TASK DIRECTIONS
From the line that contains "Afisz - Warsztaty" down to the final line below, please repeat each line exactly and nothing more, with no pictures.

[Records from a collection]
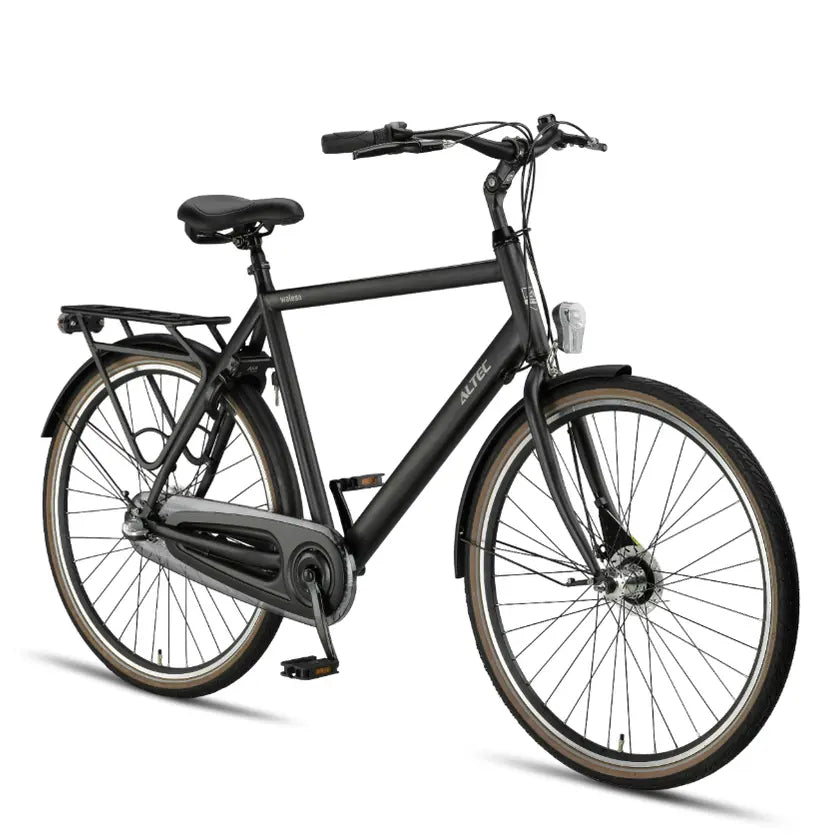 Altec Walesa N-3 - 55cm - Mat Zwart - Herenfiets - AE-trading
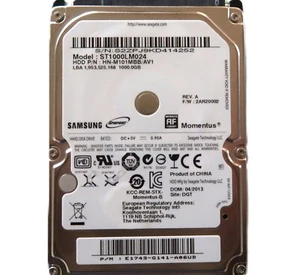 Samsung ST1000LM024 HN-M101MBB/AV1 2AR20002 E1743-G141-A06UD 2.5" 1TB 04/2013 - Afbeelding 1 van 1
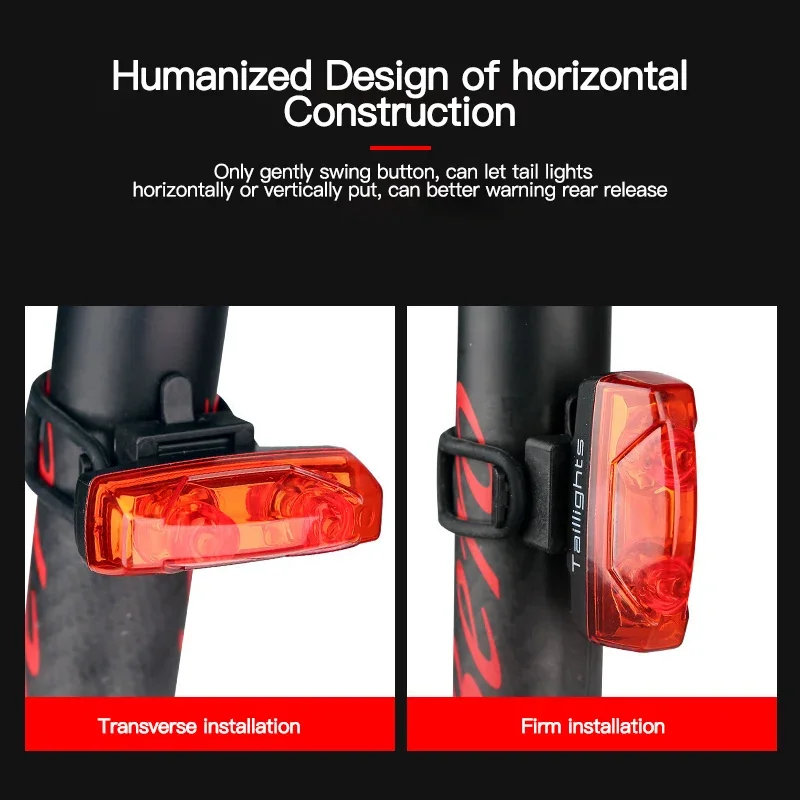 Bicycle Light Magnetically Generated Electricity Rear Lamp Waterproof LED Bike Taillight Lanterna Bicicleta Accessories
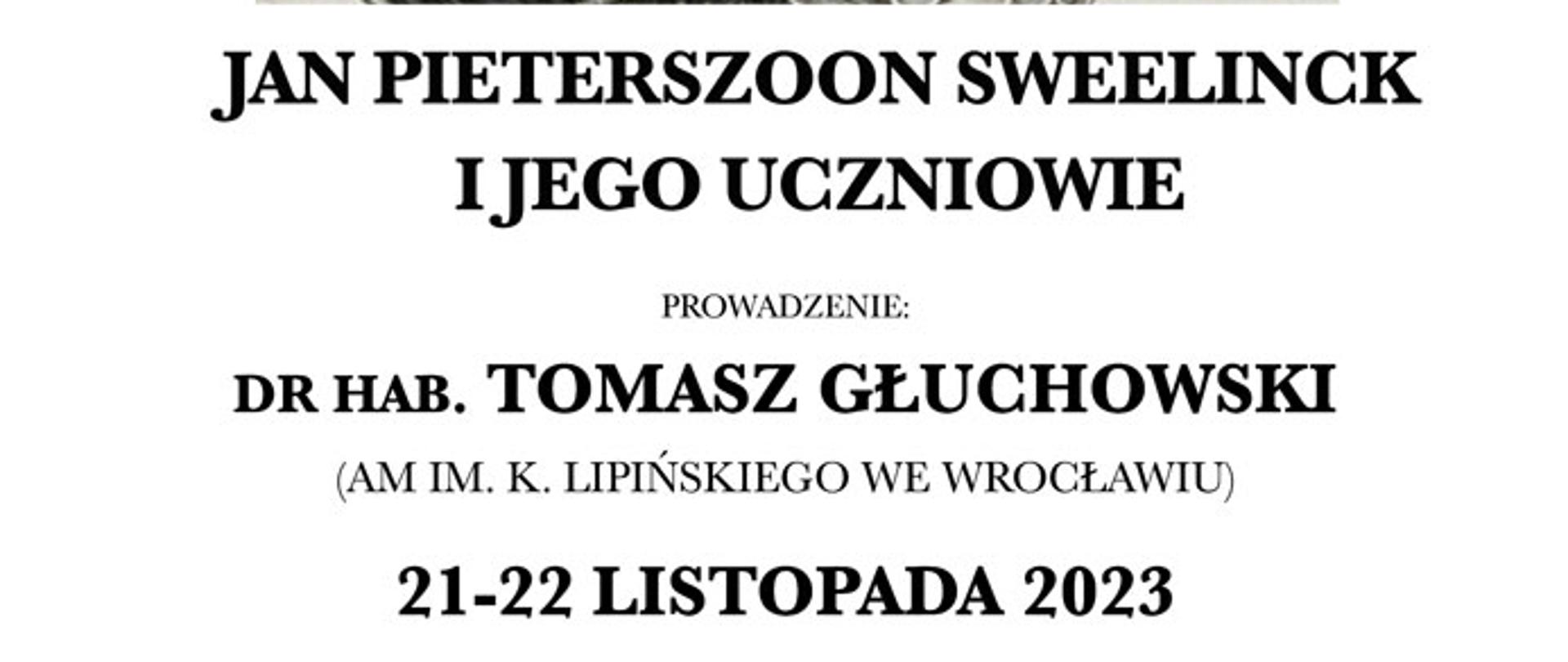 Afisz - Warsztaty dla organistów - dr hab. Tomasz Głuchowski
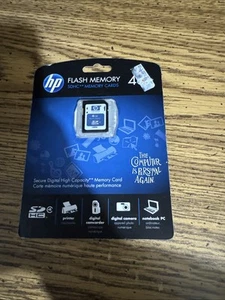 HP SDHC Flash Memory Card 4GB SDHC NEW in package! NICE!! - Picture 1 of 2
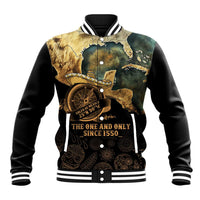 Gulf Of Mexico Baseball Jacket Historic Gulf of Mexico Map Since 1550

OUTPUT FOR THIS EXERCISE
 Afisz - Warsztaty dla organistów - dr hab. Tomasz Głuchowski
 HP SDHC Flash Memory Card 4GB SDHC NEW in package! NICE!! - Picture 1 of 2
 Gulf Of Mexico Baseball Jacket Historic Gulf of Mexico Map Since 1550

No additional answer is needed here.